> Brief: Output the data in full. Keep every entry exactly as written.

Saved entries:
----
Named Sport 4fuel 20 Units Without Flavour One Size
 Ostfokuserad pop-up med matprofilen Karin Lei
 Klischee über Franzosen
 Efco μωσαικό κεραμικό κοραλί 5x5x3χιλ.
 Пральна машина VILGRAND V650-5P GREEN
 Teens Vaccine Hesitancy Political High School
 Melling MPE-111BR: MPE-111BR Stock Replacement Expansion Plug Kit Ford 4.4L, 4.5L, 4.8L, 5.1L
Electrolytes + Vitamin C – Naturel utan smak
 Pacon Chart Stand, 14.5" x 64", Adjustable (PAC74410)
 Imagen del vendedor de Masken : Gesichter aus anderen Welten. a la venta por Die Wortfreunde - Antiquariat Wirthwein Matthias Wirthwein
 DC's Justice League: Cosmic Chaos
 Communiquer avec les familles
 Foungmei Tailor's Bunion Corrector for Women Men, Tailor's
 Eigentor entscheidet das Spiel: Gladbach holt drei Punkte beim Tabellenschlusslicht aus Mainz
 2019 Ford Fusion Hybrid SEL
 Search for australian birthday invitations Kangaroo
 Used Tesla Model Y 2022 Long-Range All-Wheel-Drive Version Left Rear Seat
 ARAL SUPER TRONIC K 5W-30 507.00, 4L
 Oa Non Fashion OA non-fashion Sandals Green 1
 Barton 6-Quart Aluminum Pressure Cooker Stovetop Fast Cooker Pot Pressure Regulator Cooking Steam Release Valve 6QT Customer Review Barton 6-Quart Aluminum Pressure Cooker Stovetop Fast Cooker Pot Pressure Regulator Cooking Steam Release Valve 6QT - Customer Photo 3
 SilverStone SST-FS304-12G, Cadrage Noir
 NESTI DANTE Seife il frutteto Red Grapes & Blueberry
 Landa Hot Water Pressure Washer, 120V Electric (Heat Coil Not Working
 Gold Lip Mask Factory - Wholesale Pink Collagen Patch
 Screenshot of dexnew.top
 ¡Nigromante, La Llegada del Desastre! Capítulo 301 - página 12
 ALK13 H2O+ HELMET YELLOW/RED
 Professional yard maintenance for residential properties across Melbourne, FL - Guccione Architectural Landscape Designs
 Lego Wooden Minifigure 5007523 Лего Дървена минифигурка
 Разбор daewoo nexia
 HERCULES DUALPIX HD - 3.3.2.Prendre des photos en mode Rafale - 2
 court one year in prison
----
> Solution:
Named Sport 4fuel 20 Units Without Flavour One Size
 Ostfokuserad pop-up med matprofilen Karin Lei
 Klischee über Franzosen
 Efco μωσαικό κεραμικό κοραλί 5x5x3χιλ.
 Пральна машина VILGRAND V650-5P GREEN
 Teens Vaccine Hesitancy Political High School
 Melling MPE-111BR: MPE-111BR Stock Replacement Expansion Plug Kit Ford 4.4L, 4.5L, 4.8L, 5.1L
Electrolytes + Vitamin C – Naturel utan smak
 Pacon Chart Stand, 14.5" x 64", Adjustable (PAC74410)
 Imagen del vendedor de Masken : Gesichter aus anderen Welten. a la venta por Die Wortfreunde - Antiquariat Wirthwein Matthias Wirthwein
 DC's Justice League: Cosmic Chaos
 Communiquer avec les familles
 Foungmei Tailor's Bunion Corrector for Women Men, Tailor's
 Eigentor entscheidet das Spiel: Gladbach holt drei Punkte beim Tabellenschlusslicht aus Mainz
 2019 Ford Fusion Hybrid SEL
 Search for australian birthday invitations Kangaroo
 Used Tesla Model Y 2022 Long-Range All-Wheel-Drive Version Left Rear Seat
 ARAL SUPER TRONIC K 5W-30 507.00, 4L
 Oa Non Fashion OA non-fashion Sandals Green 1
 Barton 6-Quart Aluminum Pressure Cooker Stovetop Fast Cooker Pot Pressure Regulator Cooking Steam Release Valve 6QT Customer Review Barton 6-Quart Aluminum Pressure Cooker Stovetop Fast Cooker Pot Pressure Regulator Cooking Steam Release Valve 6QT - Customer Photo 3
 SilverStone SST-FS304-12G, Cadrage Noir
 NESTI DANTE Seife il frutteto Red Grapes & Blueberry
 Landa Hot Water Pressure Washer, 120V Electric (Heat Coil Not Working
 Gold Lip Mask Factory - Wholesale Pink Collagen Patch
 Screenshot of dexnew.top
 ¡Nigromante, La Llegada del Desastre! Capítulo 301 - página 12
 ALK13 H2O+ HELMET YELLOW/RED
 Professional yard maintenance for residential properties across Melbourne, FL - Guccione Architectural Landscape Designs
 Lego Wooden Minifigure 5007523 Лего Дървена минифигурка
 Разбор daewoo nexia
 HERCULES DUALPIX HD - 3.3.2.Prendre des photos en mode Rafale - 2
 court one year in prison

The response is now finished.